Vanitas-Still Life by Maria van Oosterwijck, 1668, Kunsthistorisches Museum
It’s been a year since I found out I’m in menopause, which sounds so weird because I’m turning 40 in July. In a way, my early diagnosis was a gift. I spent this past year closing out my thirties by studying the biological and social impacts of a major life experience I was supposed to go through in my 40s. I guess I feel a little smug, like I know more about life than I actually do. And at the same time, the knowing has made me hopeful for the lessons my 40s will bestow upon me. I’m alive and ready to roll.
The Japanese word for menopause, æ›´å¹´æ°— (pronounced Konenki) translates to the renewal of energy. I like this definition so much because it serves as a counterbalance to the ways that I understood menopause a year ago when I knew nothing about it except that it was a confrontation with my own mortality, the beginning of the end. Of what? Oh, I was so silly!
On the anniversary of my diagnosis, I’m sharing five things I’ve learned this year because to renew something means to both resume and extend it. Forward or share the below list with your people if you think they’d find any of it helpful, and of course I hope it helps you.
There is a Menopause Practitioner Database
A cursory Google search for menopause gynecologists will yield many virtual clinics like Midi Health, Winona, and Gennev to name a few. I have no experience with any of these systems because my insurance provider doesn’t cover out of network care. Being limited to the providers in my network was frustrating until I landed in a subreddit forum at 2AM one night last March and read that The North American Menopause Society (now The Menopause Society) has a practitioner database which lets you search by region for providers.
Once I pulled up the list of providers where I live, I did a separate search to see which of these practitioners took my insurance and immediately scheduled an appointment with a menopause-focused gynecologist who changed my life.
Menopause is different for everyone
There are actually different terms for menopause depending on when you go through it (aka: you don’t have a period for a whole year). These include: early menopause for women 40-45, menopause for anyone older than that, and POI, which is what I have. Premature Ovarian Insufficiency is the official term for women 30-40 experiencing symptoms of perimenopause and menopause.
According to The Daisy Network, a UK-based charity for women with POI:
POI is different to menopause that occurs at around the average age (52 years). Not only does it occur at a very young age, but the ovaries often don’t completely fail. This means that ovarian function can fluctuate over time, occasionally resulting in a period, ovulation or even pregnancy, several years after diagnosis.

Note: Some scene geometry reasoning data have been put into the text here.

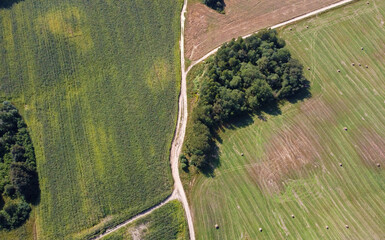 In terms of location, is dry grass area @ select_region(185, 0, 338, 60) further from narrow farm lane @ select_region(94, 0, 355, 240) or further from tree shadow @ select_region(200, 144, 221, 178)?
tree shadow @ select_region(200, 144, 221, 178)

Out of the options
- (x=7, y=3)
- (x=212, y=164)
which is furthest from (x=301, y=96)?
(x=7, y=3)

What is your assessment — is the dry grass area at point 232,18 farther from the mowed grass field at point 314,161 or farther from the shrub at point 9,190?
the shrub at point 9,190

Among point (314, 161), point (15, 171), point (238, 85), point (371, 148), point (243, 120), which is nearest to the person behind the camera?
point (15, 171)

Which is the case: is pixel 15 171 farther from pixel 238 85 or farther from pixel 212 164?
pixel 238 85

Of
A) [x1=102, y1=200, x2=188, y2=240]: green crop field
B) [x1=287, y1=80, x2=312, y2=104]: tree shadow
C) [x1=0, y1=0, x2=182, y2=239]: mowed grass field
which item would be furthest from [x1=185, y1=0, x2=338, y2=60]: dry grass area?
[x1=102, y1=200, x2=188, y2=240]: green crop field

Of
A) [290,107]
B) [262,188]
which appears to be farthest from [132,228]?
[290,107]

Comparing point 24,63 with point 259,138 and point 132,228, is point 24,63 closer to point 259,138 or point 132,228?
point 132,228

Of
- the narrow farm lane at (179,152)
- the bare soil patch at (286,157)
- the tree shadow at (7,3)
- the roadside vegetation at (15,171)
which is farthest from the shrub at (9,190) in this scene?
the bare soil patch at (286,157)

In fact, as I write I am (apologies for the TMI) on a period(!). After a year of wearing white pants whenever my period is not something I miss. But my larger takeaway from learning these different terms is that the age at which you pass through the menopause portal may be connected to certain types of care that you need. Hormone replacement therapy (HRT, or MHT if you are over 40) isn’t for everyone, but I take it to lower my risk of cardiovascular disease, osteoporosis, and potentially Alzheimers and dementia—all of which are increased by menopause, and all of which I want to decrease the risk of for a few more years.
Get baseline data on your bone density early on
I learned this tip from the The Premature Menocast podcast, but I don’t think it’s exclusively for women under 40, and that is to get a bone density scan early on in your perimenopause/menopause journey. The goal of the scan is to have a baseline to track your postmenopausal bone density loss so that you can get any care that you may need for osteoporosis if you develop it.

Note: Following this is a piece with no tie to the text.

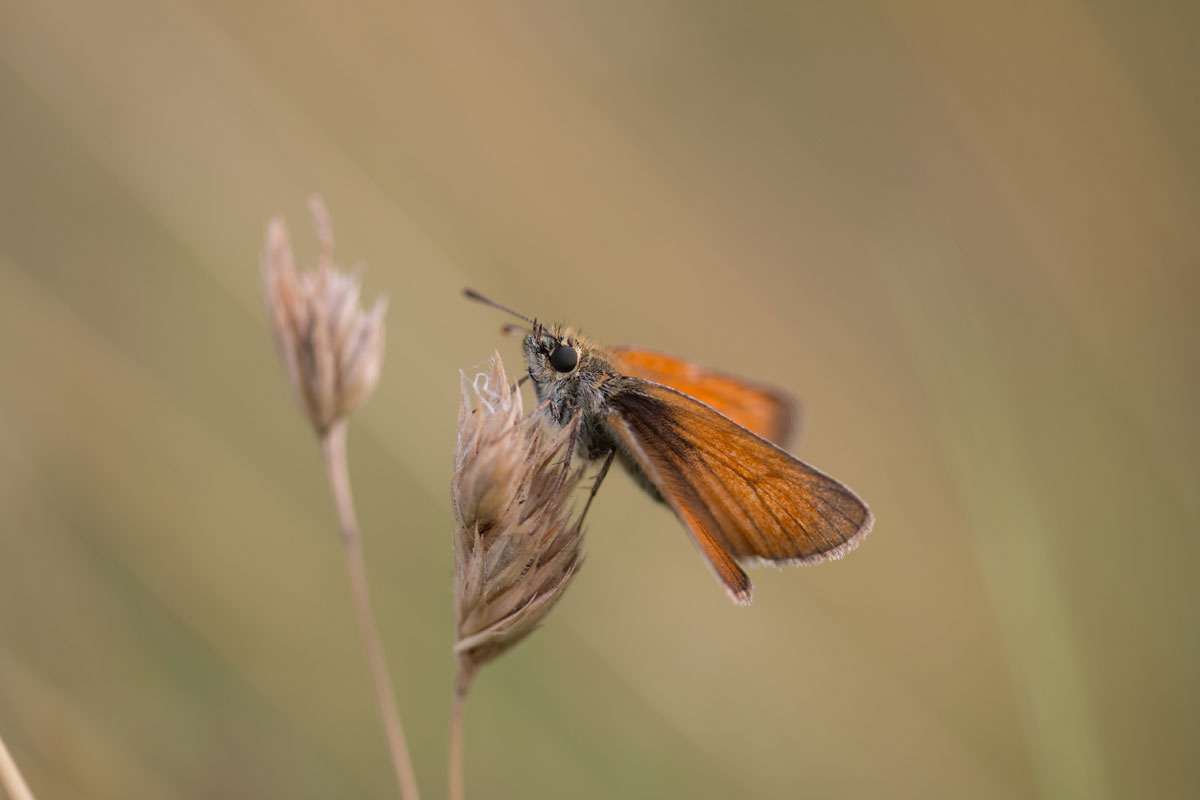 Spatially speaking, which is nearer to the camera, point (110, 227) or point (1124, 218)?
point (110, 227)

My bone density scan took about 10 minutes. I had to wear leggings, and I treated myself to ice cream afterward because this is my go-to ritual for all of my medical appointments.
Beware of menopause social media
The menopause algorithms found me within weeks of my initial diagnosis. While I think that on the whole menopause influencers helped me feel less alone, not all of the advice I encountered is backed by science. For example, in menopause documentary, I learned about the benefits of taking testosterone and wondered if I should. Thankfully, Dr. Jen Gunter who writes The Vajenda wrote an excellent critical analysis.

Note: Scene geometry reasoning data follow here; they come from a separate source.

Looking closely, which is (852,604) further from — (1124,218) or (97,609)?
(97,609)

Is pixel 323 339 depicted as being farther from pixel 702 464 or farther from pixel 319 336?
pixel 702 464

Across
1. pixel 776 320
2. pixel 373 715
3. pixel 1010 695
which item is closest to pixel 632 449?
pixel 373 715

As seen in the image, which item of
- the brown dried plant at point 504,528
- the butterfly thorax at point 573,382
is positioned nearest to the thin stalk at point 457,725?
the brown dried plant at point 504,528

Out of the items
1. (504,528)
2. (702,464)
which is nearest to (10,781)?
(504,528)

It isn’t just medical advice I’ve become wary of; menopause is also becoming an increasingly popular marketing term that taps into our insecurities about our physical beauty. In her excellent menopause novel All Fours, Miranda July wonders if what people mean by femininity is youth.
You really do feel better in time
I’ve heard that for women who go through menopause or early menopause, that you really do feel better and balanced in time, and I know that to be true for myself. My menopause symptoms began six years ago with torrential periods that (at the time) no gynecologist saw as a clear sign of early perimenopause. Then came the anxiety (explained away by the pandemic and the demands of early motherhood). Then, just a few months before my actual perimenopause diagnosis, night sweats and sleep disturbances. All of my symptoms were alleviated by HRT, Magnesium Glycinate, and learning to take more time for myself.
Renewal happens over time, with each fact you learn and step you take. Take action where you can, ask for support when you need it, and know that the hard parts don’t have to teach you anything. They can simply be hard, and you will get through them, and eventually you’ll be on the other side.